A lot of what you need to do can be done with wet/dry sandpaper on a piece of plate glass. As for job site sharpening, you can do that with a single stone, unless you bungle the edge up pretty bad. 

If you want to get fancy, you can go the diamond grit in a syringe route (also used with plate glass). It's actually a cheaper initial outlay compared to getting a set of stones and conditioners, and it lets you see exactly how good you can get the edge.

Personally, for job site I'll use plate glass and wet/dry sandpaper, but I'm only touching up the edge and I'm not making a piano

I'd suggest do a little research on the internet before deciding how you'll sharpen and what you'll use.


----------



## 91782 (Sep 6, 2012)

hdavis said:


> Now the bad news - you can easily spend more on sharpening stones than you paid for the plane - just ask me...
> 
> *A lot of what you need to do can be done with wet/dry sandpaper on a piece of plate glass. As for job site sharpening, you can do that with a single stone, unless you bungle the edge up pretty bad. *
> 
> ...


Thank you - what I wanted to offer up - but didn't want to get into any religious wars over sharpening the darned irons!

Now YOU can take the heat!

(I use a piece of granite backsplash, btw).


----------



## PrestigeR&D (Jan 6, 2010)

Ok,
I have a few but its never something I. Get warm and fuzzy about,....


Well,...

I should say, not yet.......:whistling


Grab your popcorn,..

Some fine collections,,,,,


http://www.owwm.org/viewtopic.php?f=3&t=111439&p=752316&hilit=Block+plane+collection#p752316

http://www.owwm.org/viewtopic.php?f=5&t=106739&hilit=Block+plane+collection


There is a member I know over there, can't find it write now, but it was absolutely incredible the collection of hand planes he had....I was blown away ...they look like candy to me!...:laughing:.:clap::thumbup:


Enjoy,...


B,


----------



## MarkJames (Nov 25, 2012)

SmallTownGuy said:


> Thank you - what I wanted to offer up - but didn't want to get into any religious wars over sharpening the darned irons!
> 
> Now YOU can take the heat!
> 
> (I use a piece of granite backsplash, btw).
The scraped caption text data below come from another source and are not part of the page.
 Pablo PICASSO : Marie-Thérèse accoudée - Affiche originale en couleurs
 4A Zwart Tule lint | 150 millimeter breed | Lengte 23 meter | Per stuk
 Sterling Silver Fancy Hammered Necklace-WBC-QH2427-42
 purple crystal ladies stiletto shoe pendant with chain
I like this japanese guy. Stones + no talking + listen to the stone + using wife's kitchen sink = perfect.

https://www.youtube.com/watch?v=Hv4mOMiRKyQ

What stones seem to have the highest grit equivalent?


----------



## hdavis (Feb 14, 2012)

MarkJames said:


> I like this japanese guy. Stones + no talking + listen to the stone + using wife's kitchen sink = perfect.
> 
> https://www.youtube.com/watch?v=Hv4mOMiRKyQ
> 
> What stones seem to have the highest grit equivalent?
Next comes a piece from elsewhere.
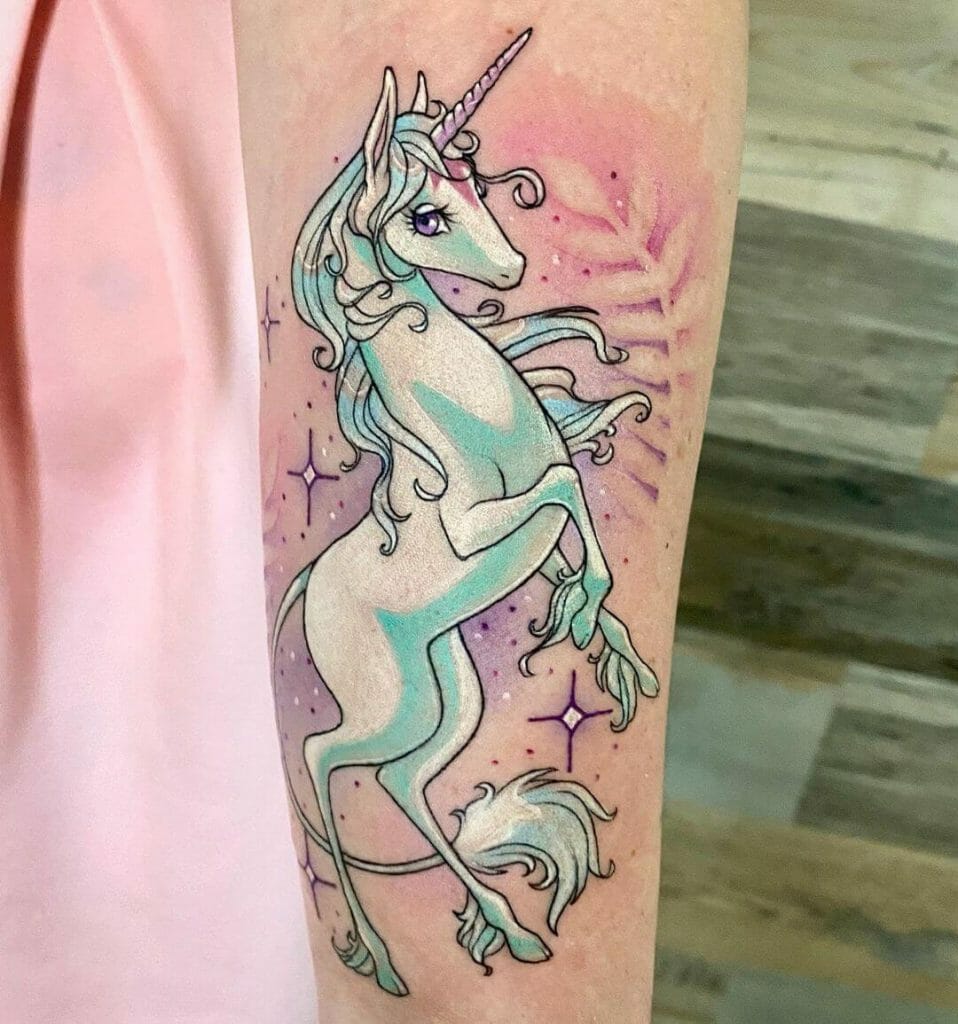 Cute Unicorn Upper Arm Tattoo Idea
http://www.japanwoodworker.com/prod...2KF28NQDG4IN&pf_id=07.098.10000&dept_id=23576

10,000 grit. Only $325


----------



## MarkJames (Nov 25, 2012)

hdavis said:


> http://www.japanwoodworker.com/prod...2KF28NQDG4IN&pf_id=07.098.10000&dept_id=23576
> 
> 10,000 grit. Only $325


Riiiiiight! Might as well stock up now! That's only 3.25 cents/grit


----------



## Railman (Jan 19, 2008)

All I usually use is a belt sander with about a 120grit. Then I follow up with some sand paper alox 150-200 along with a little sprittle. It results in a good enough edge to shave back side of my hand. It takes about a minute at the most. 
If you want a diamond hone these are an incredible buy:
http://www.youtube.com/watch?v=bRD2GQhVetk

http://www.harborfreight.com/4-sided-diamond-hone-block-92867.html

I think I bought 4 for about $8 ea, & spread them around home, & shop.
Joe


----------



## 91782 (Sep 6, 2012)

Railman said:


> All I usually use is a belt sander with about a 120grit. Then I follow up with some sand paper alox 150-200 along with a little sprittle. It results in a good enough edge to shave back side of my hand. It takes about a minute at the most.
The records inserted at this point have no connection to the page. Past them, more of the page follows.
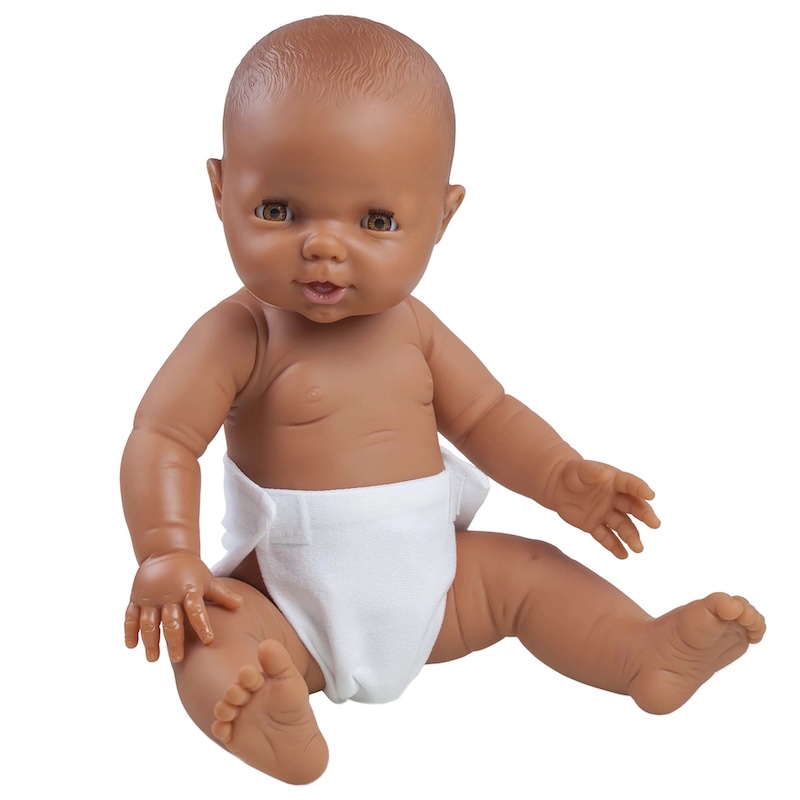 Docka baby, mörkhyad, blunddocka, flickbaby 38 cm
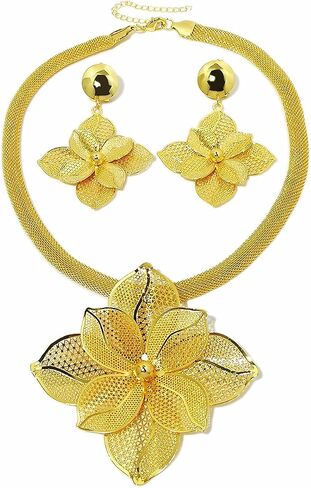 Luxury Women's Golden Big Hollow Flower Jewelry Sets Gold Plated Floral Filigree 3pcs Earrings Necklace Trendy Design Party Cocktail Prom Mothers Day Outfits Accessories Gifts in Saudi Arabia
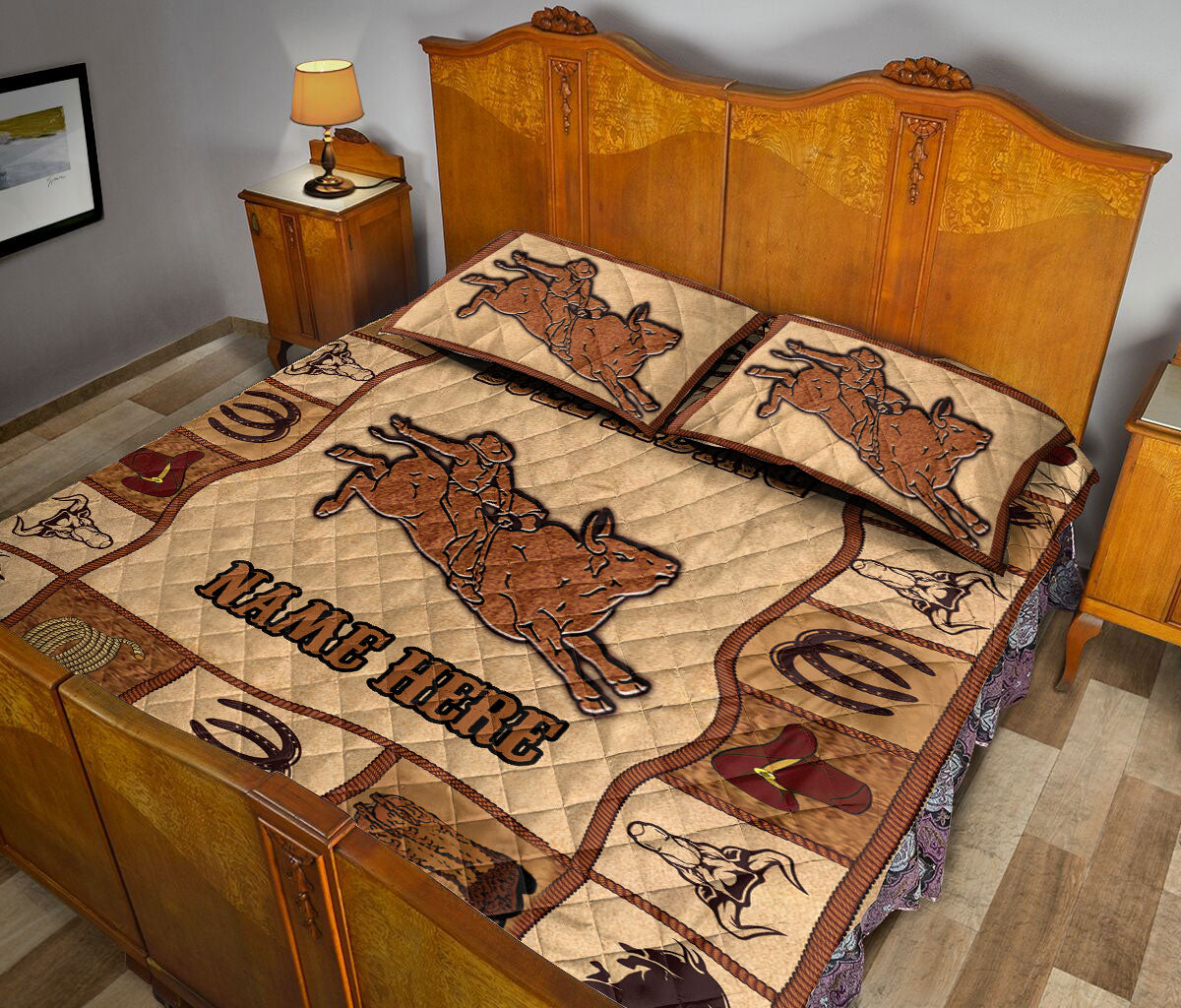 Ohaprints-Quilt-Bed-Set-Pillowcase-Bull-Riding-Bull-Rider-Cowboy-Vintage-Brown-Custom-Personalized-Name-Blanket-Bedspread-Bedding-3723-King (90'' x 100'')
Never done the belt sander on my hand plane - have done on my Makita power planer blades. Makita supplies a jig - you noiunt both blades up, turn the sander over and (using a little restraint) those hard-azzed carbide blades were perfect.



> If you want a diamond hone these are an incredible buy:
> http://www.youtube.com/watch?v=bRD2GQhVetk
> 
> I think I bought 4 for about $8 ea, & spread them around home, & shop.
> Joe


Yup - HF - have several myself. Close your eyes, and they smell expensive.


----------



## Railman (Jan 19, 2008)

SmallTownGuy said:


> Never done the belt sander on my hand plane - have done on my Makita power planer blades. Makita supplies a jig - you noiunt both blades up, turn the sander over and (using a little restraint) those hard-azzed carbide blades were perfect.
> 
> Yup - HF - have several myself. Close your eyes, and they smell expensive.


 Have done quite a few planer blades too, but they were less than 3 1/2hss variety, & didn't have to be perfect. The hard part is keeping them balanced.

The trick is to hold the blade at angle of 60' or even steeper, to the wheel axies, instead of being parallel. Since the grit is pulling along the edge of the blade, it makes a finer cut, resulting in fewer burs that break off. The fewer the burs, the sharper the edge.
Joe


----------



## BlueRidgeGreen (Apr 21, 2012)

Norton 4000/8000 - 2-sided waterstone and a off-stone honing guide. 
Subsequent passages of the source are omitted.